Tuukka Rask (BOS) is a pending UFA and will likely re-sign with the Boston Bruins.

Matt Murray (OTT) has had two years of below-average numbers, and the Kraken will have better options out there.

Potential, but with risk

This category gets a lot of media coverage because these goalies showcased well over the last season. The Kraken would be taking a big gamble if they are expecting a goalie from this category to get most of the starts for the 2021-22 season.

Of all these goalies, Adin Hill (ARI) is the most likely candidate to be drafted in the Expansion Draft. Hill is a big goaltender who is just starting to break into the NHL as a regular with 19 games played in the 2020-21 season. There are a few scenarios where he is not even available. The projected protected goalie in Arizona is Darcy Kuemper, who has been rumored to be on the trading block for the last two offseasons. Arizona may trade him before the rosters are locked on Saturday, or they may choose to protect Hill over Kuemper, since Kuemper only has one more year remaining on his contract.
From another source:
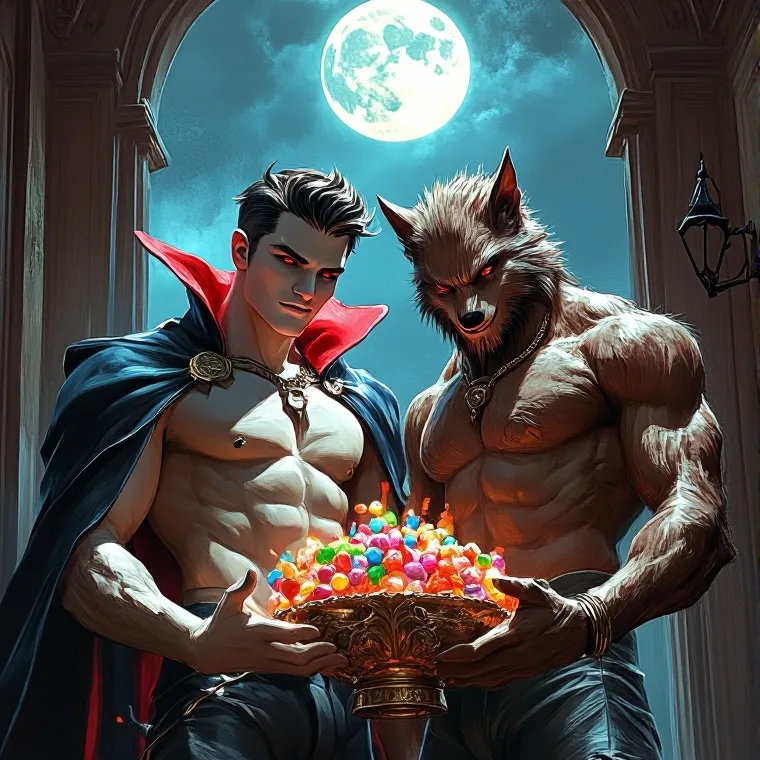 chat with ai character: 🧛Drew + Stewart🐺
Chris Driedger (FLA) is a trendy pick from the Florida Panthers, but he is a pending UFA and only has 35 games played over the last two seasons. He could pan out, but he could also be the next Scott Darling.

Vitek Vanecek had strong numbers in his first year in the NHL. He played 37 games for the Capitals with a .908 save percentage. There are questions if his long-term upside matches those good numbers, making him a pick with risk.

Joey Daccord (OTT) and Anton Forsberg (OTT) could be even riskier options. Both goalies had limited views playing for a relatively bad team. Forsberg had a heck of a journey this past season, as he bounced across three different teams before ultimately finding a home in Ottawa late in the season.

Veteran platoon

Having a veteran platoon goalie is not a bad bet for year one of the franchise. One of the two can probably do some heavy lifting if the other falters, or they could be a stable support system for some of the younger goalies just breaking into the league.

31-year-old Jake Allen (MON) could fit the bill relatively well. Allen is a good backup goalie that can get a healthy dose of games throughout a season, but he is not a goalie that you want as your primary goalie. He would be a great fit to pair with a younger goalie such as Adin Hill or Vitek Vanecek.

David Rittich (CGY) could also be an option, but he’s an unrestricted free agent.

Solid backup

The only scenario in which I see Seattle drafting a goalie from this category is if their primary goalie is Ullmark, Grubauer, or Talbot. With a solid starting netminder, the Kraken would just need a decent backup that can give the starter a day off from time to time.

Still anybody’s guess

There are a lot of variables at play for the Kraken’s goaltender selections, which still makes forecasting the selections extremely challenging. It is also important to realize that the team could make a post-draft trade or sign another goaltender in free agency to shore up the position. Who Seattle ends up choosing to man its inaugural goalcrease remains anybody’s guess.